Nowadays, most studies about intravesical thermochemotherapy adopt a scheme that combines chemotherapy and hyperthermia at each treatment session. Regardless of the treatment device, patients are liable for the costs of special consumable materials at each treatment session. The CTHC protocol advocates early high-frequency implementation of hyperthermia followed by regular instillation of THP which can be performed in the outpatient department. Therefore, this protocol can greatly reduce the financial burden on patients without compromising the oncologic outcome.

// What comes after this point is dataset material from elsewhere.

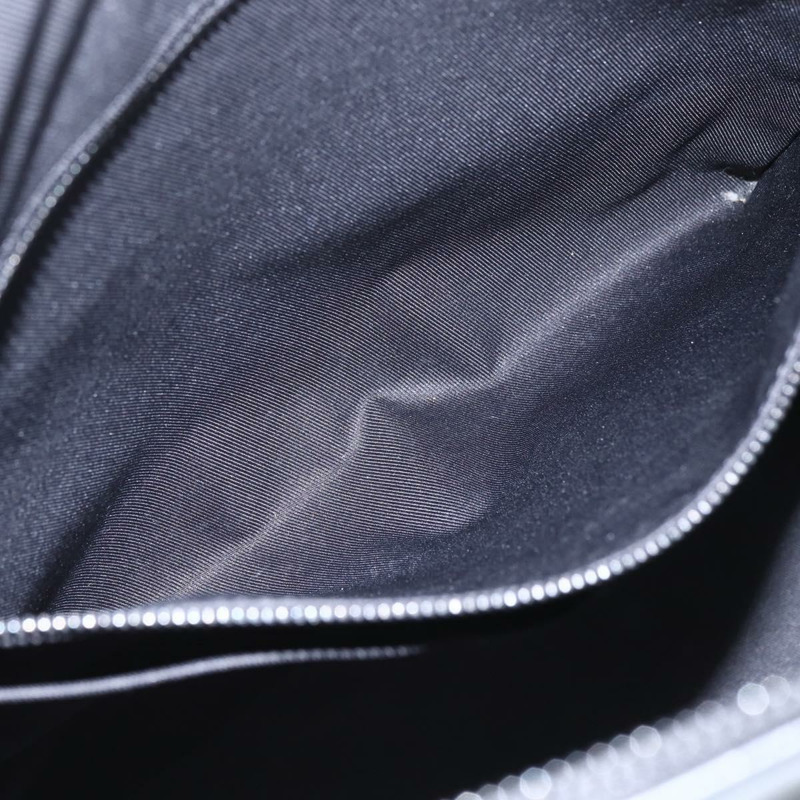 【日本直送】路易威登 Monogram Eclipse Glaze 拉鍊手提背包 M43900 LV 正品 ka965SAV-22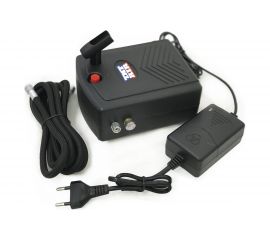 Мини компрессор TNT-AIR AS-200BE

Regrettably, this was a nonrandomized controlled trial; therefore, it has an inherent potential for bias. Moreover, it was a single-centre study with a limited sample size; we did not conduct the current study using propensity score matching because baseline characteristics were well-balanced. Our findings need to be validated by prospective randomized multicentre trials. However, this study is the first controlled trial to compare the efficacy of intravesical instillation of THP and intravesical hyperthermia combined with THP instillation under a novel scheme (CTHC) for intermediate- and high-risk NMIBC after TURBT. Our findings demonstrated the advantages of CTHC over THP alone and provide important insights into the potential effects of this treatment approach.

5. Conclusions

Our results suggest that the BR-TRG-I urinary bladder hyperthermia treatment system facilitates the smooth implementation of CTHC, and CTHC, with perioperative high-frequency thermochemotherapy as the core, reduces the recurrence and progression of intermediate- or high-risk NMIBC after TURBT.

Acknowledgements

We are grateful to all the patients who participated in this study and to other urologists and doctors from the medical record room of Henan People's Hospital for their support in data collection and management. Further, we thank the professional technicians of Bright Medical Technology Co., Ltd for their efforts to keep patients safe while using the BR-TRG-I Urinary Bladder Hyperthermia Treatment System.

Disclosure statement

No potential conflict of interest was reported by the authors.

Additional information

Funding

This work was supported by BR-TRG-I Urinary Bladder Hyperthermia Treatment System (Henan Provincial Medical Science and Technology Research Project) [grant number 201601012]; 23456 Talent Project of Henan Provincial People’s Hospital [grant number ZC23456005]; Henan Provincial Innovative Talents Project-Leading Talents (Henan Provincial Health and Family Planning Commission Talent Project) [grant number CYQ20160243]; Henan Provincial Innovative Talents Project-Leading Talents 2017 (Henan Provincial Health and Family Planning Commission Talent Project) [grant number CYQ20170165]; and Henan Provincial People's Hospital Degang Ding [grant number 0006].